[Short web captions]
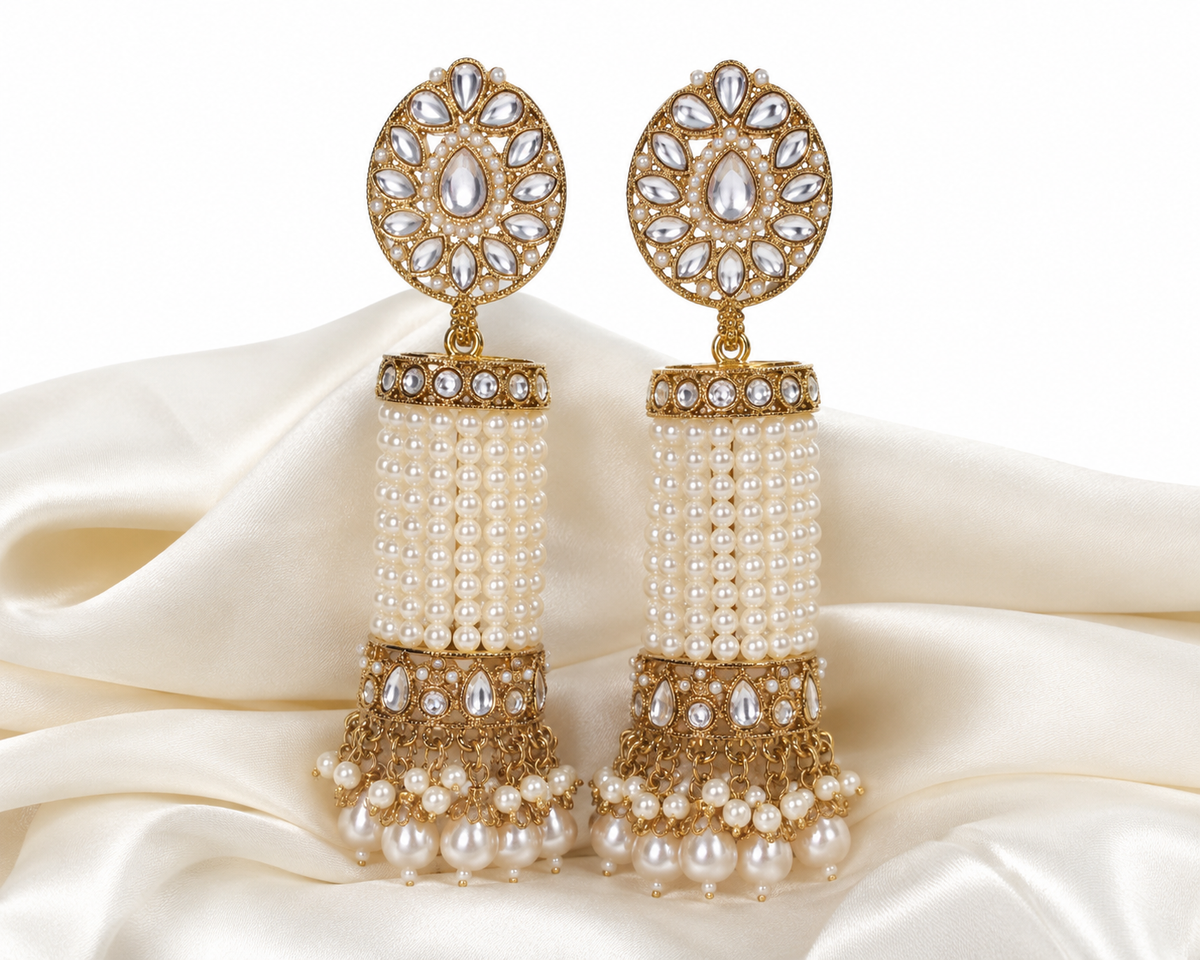Pearl Tassel Jhumka Earrings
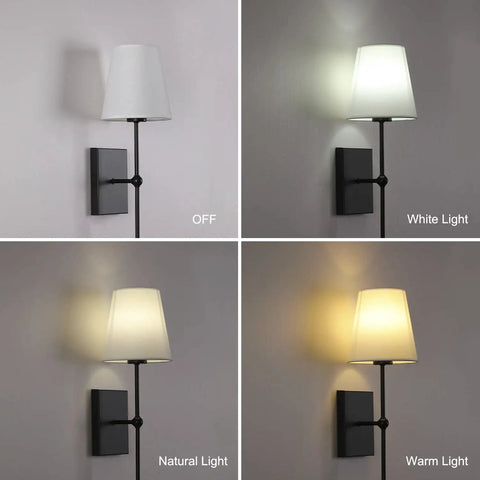 Set Of 2 Slim Wall Sconces With White Fabric Shade And Matte Black Base For Bedroom Bedside Bathroom Vanity And Living Room - Easy Dope Hardwired Indoor Wall Lighting Fixtures showing different light modes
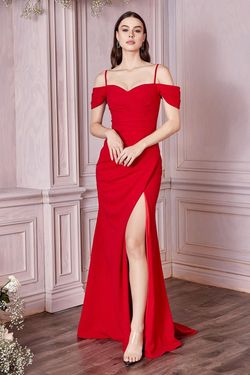 Style CDKV1057 Cinderella Divine Red Size 8 Black Tie Tall Height Side slit Dress on Queenly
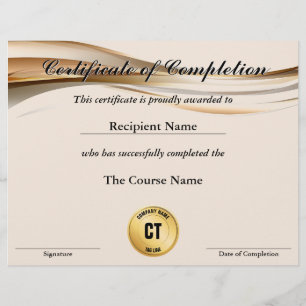 Certificate of Completion Customizable Award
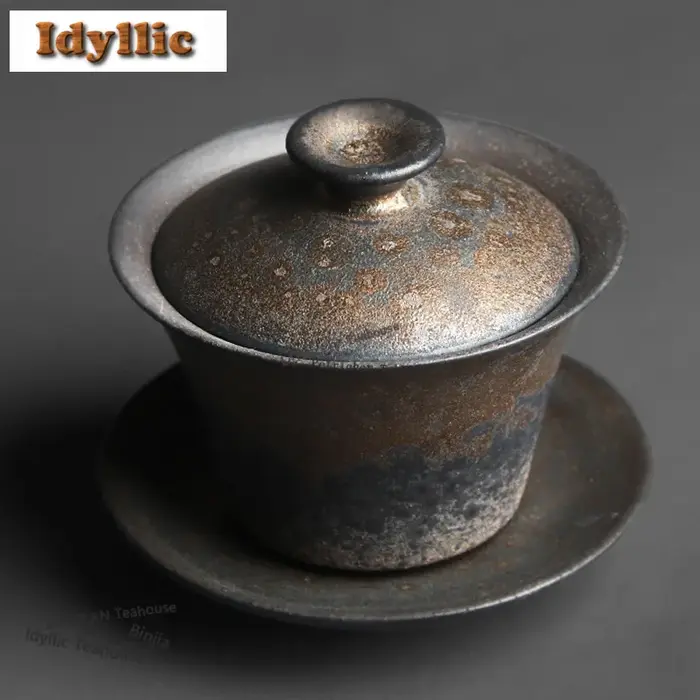 Gaiwan Sancai Noir et Or 150 ml en Céramique Fumée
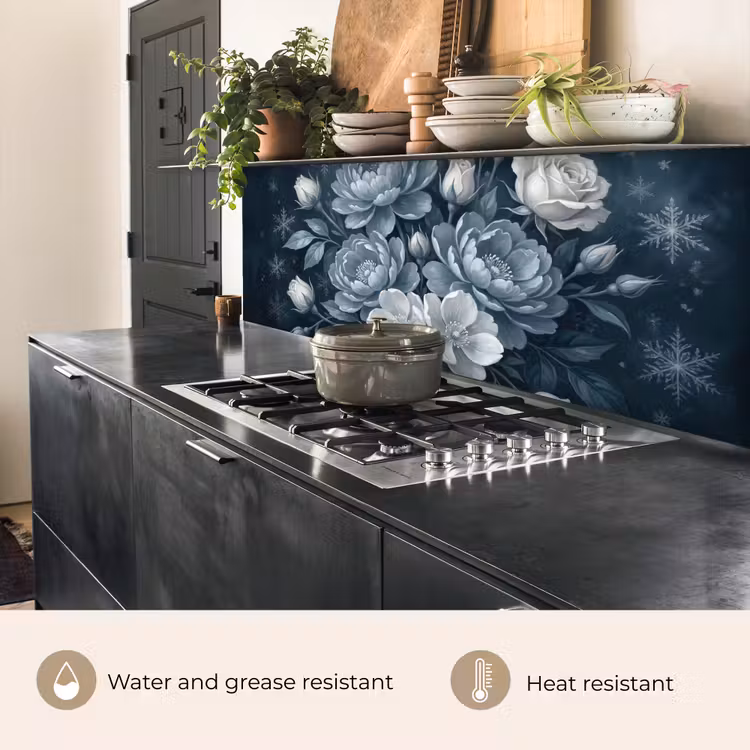 Kitchen splashback - Flowers - Bouquet - Winter - Abstract - Blue — 5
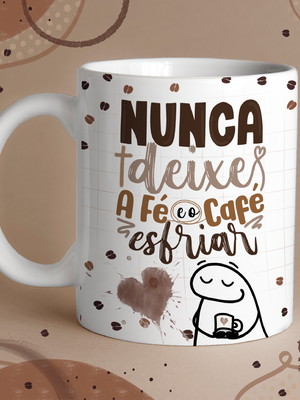 Caneca café flork bentô nunca deixe a fé e o café esfriar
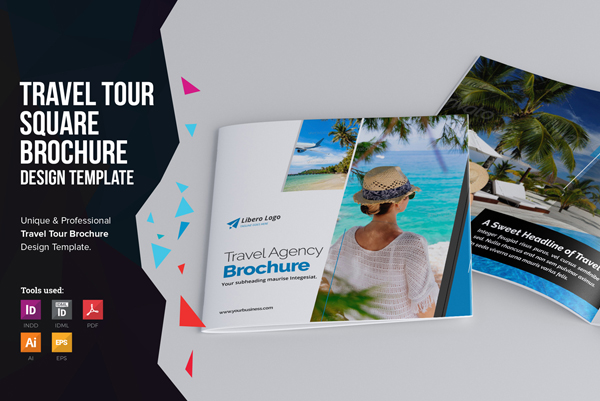 Holiday Travel Square Brochure Template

## Exercise
Repeat the lines of the records verbatim, starting at the line containing "Certificate of Completion Customizable Award" and stopping after the final line. Images stay out.

## Completed task
 Certificate of Completion Customizable Award
 Gaiwan Sancai Noir et Or 150 ml en Céramique Fumée
 Kitchen splashback - Flowers - Bouquet - Winter - Abstract - Blue — 5
 Caneca café flork bentô nunca deixe a fé e o café esfriar
 Holiday Travel Square Brochure Template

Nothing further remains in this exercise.